* WORK INSTRUCTION: Please transcribe exactly the lines from the line holding "HD-3181 - Sofa - Beige / Gold" through the end of the data below, and skip any pictures.

* DATA EXCERPT:
····················

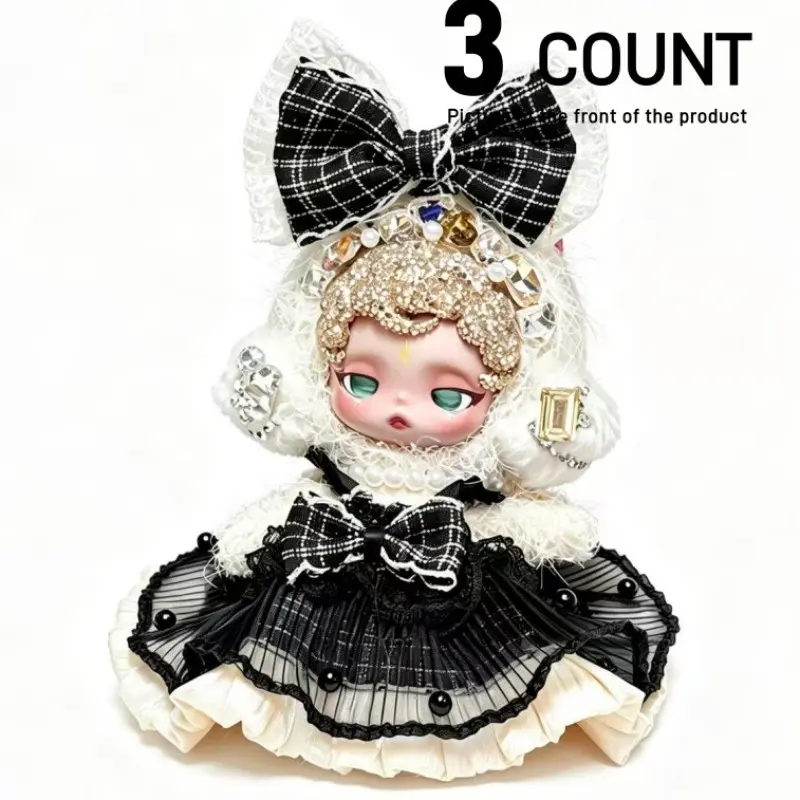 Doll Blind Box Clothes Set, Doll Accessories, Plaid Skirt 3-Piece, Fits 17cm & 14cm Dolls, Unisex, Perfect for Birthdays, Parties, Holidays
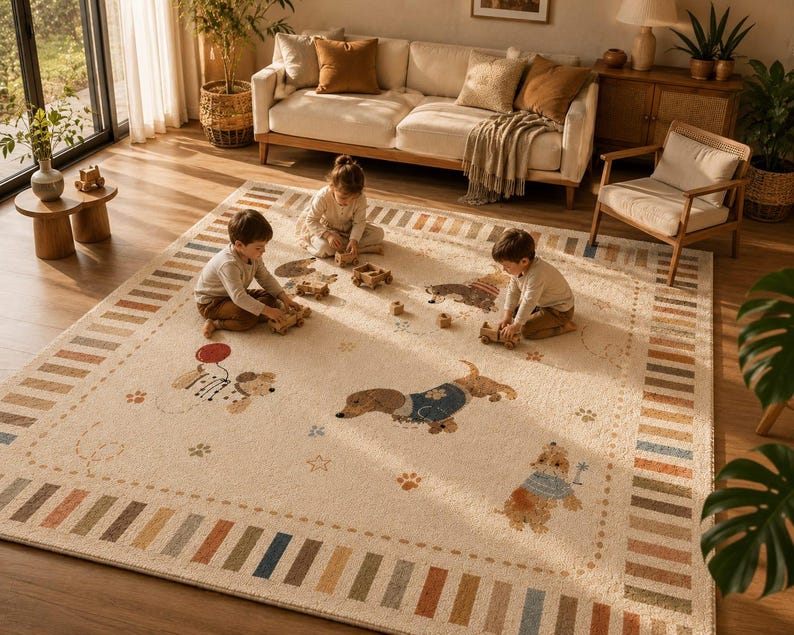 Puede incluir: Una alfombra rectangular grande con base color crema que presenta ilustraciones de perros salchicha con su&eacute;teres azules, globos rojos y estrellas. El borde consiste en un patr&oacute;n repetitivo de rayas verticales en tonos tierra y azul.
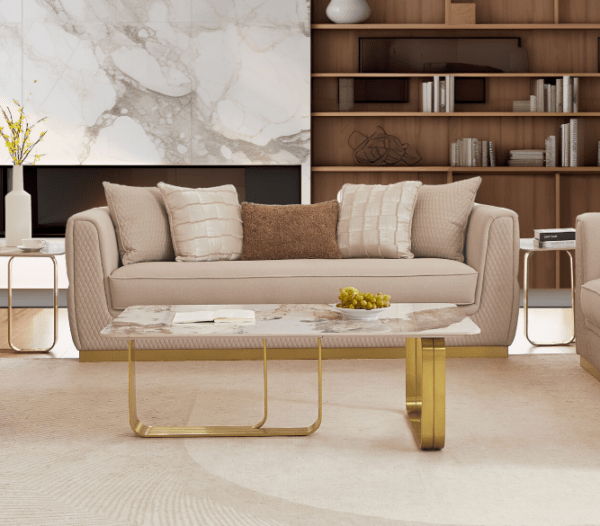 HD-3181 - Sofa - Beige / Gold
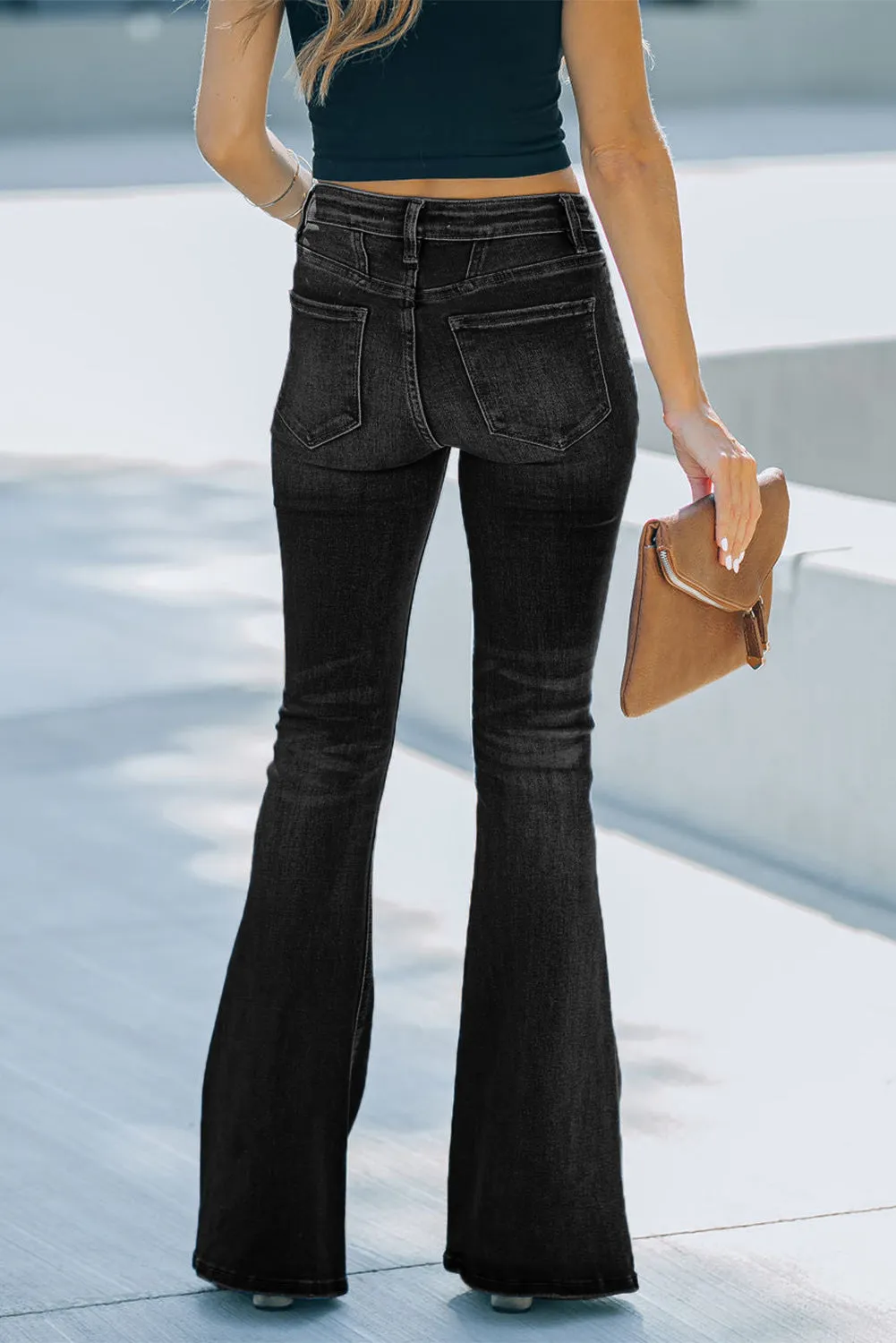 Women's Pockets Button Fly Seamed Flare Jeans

····················

* RESULT FOR THIS TASK:
 HD-3181 - Sofa - Beige / Gold
 Women's Pockets Button Fly Seamed Flare Jeans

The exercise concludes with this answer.